◆ **What you will do**
Without including the pictures, copy each line below exactly as it reads.

(Dataset excerpt Opens)

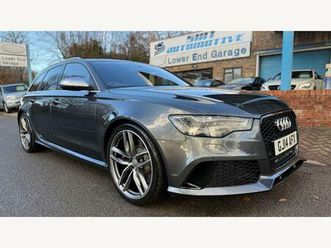 4.0 tfsi v8 tiptronic quattro euro 5 (start/stop) 5dr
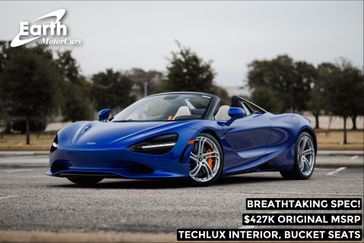 2024 McLaren 750S Spider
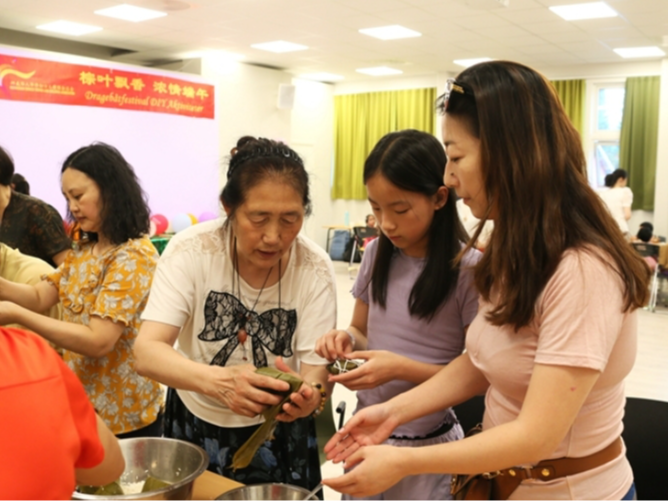 挪威华侨社团举办多项活动迎端午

(Dataset excerpt Closes)

◆ **Your solution**
 4.0 tfsi v8 tiptronic quattro euro 5 (start/stop) 5dr
 2024 McLaren 750S Spider
 挪威华侨社团举办多项活动迎端午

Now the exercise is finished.